──────── Data supplied ────────

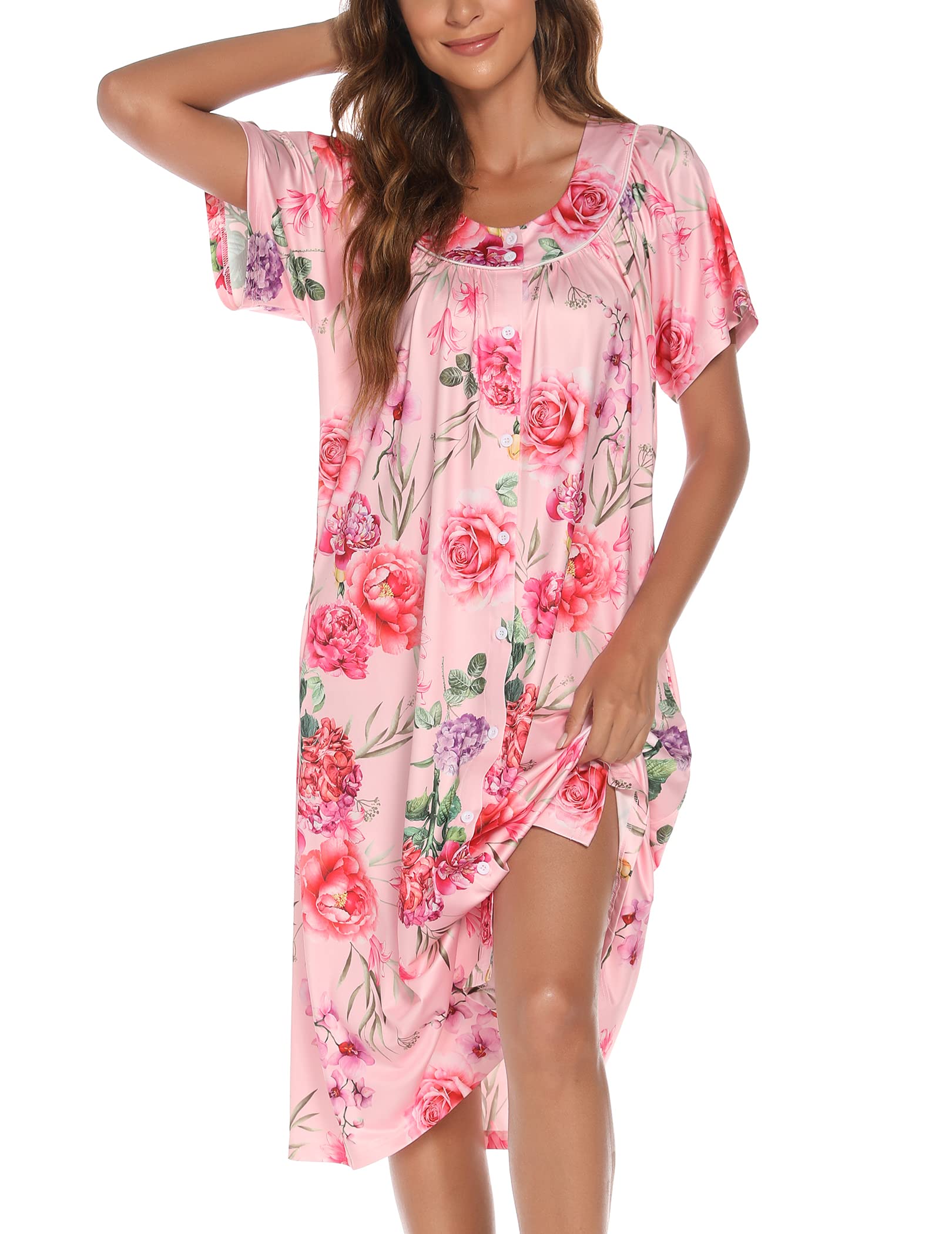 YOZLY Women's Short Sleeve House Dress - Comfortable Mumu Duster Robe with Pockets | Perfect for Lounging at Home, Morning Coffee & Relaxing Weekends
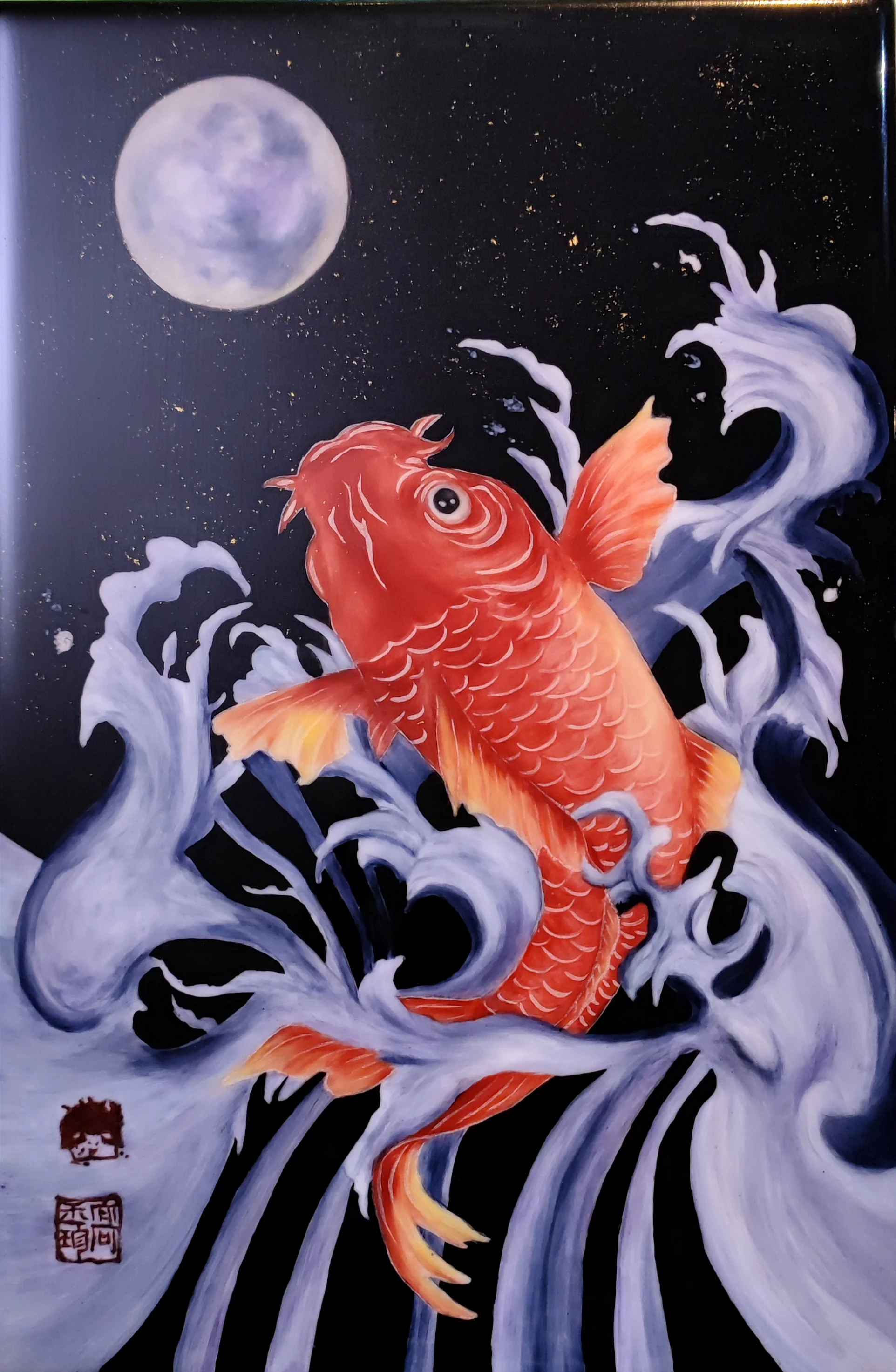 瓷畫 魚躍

────────
──────── Data supplied ────────

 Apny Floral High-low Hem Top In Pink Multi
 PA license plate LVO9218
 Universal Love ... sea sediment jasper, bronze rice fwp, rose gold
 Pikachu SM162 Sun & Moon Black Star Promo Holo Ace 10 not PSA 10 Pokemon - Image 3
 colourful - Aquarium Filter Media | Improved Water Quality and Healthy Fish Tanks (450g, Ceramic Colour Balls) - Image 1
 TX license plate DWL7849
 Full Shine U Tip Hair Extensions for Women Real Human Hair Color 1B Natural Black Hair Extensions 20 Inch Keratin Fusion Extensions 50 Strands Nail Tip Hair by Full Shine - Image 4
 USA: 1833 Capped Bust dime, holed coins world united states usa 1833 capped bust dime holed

────────

#### The problem:
All that is wanted is an exact copy of the lines above from the one with "Apny Floral High-low Hem Top In Pink Multi" through the one with "USA: 1833 Capped", with both ends included.

#### Result:
 Apny Floral High-low Hem Top In Pink Multi
 PA license plate LVO9218
 Universal Love ... sea sediment jasper, bronze rice fwp, rose gold
 Pikachu SM162 Sun & Moon Black Star Promo Holo Ace 10 not PSA 10 Pokemon - Image 3
 colourful - Aquarium Filter Media | Improved Water Quality and Healthy Fish Tanks (450g, Ceramic Colour Balls) - Image 1
 TX license plate DWL7849
 Full Shine U Tip Hair Extensions for Women Real Human Hair Color 1B Natural Black Hair Extensions 20 Inch Keratin Fusion Extensions 50 Strands Nail Tip Hair by Full Shine - Image 4
 USA: 1833 Capped Bust dime, holed coins world united states usa 1833 capped bust dime holed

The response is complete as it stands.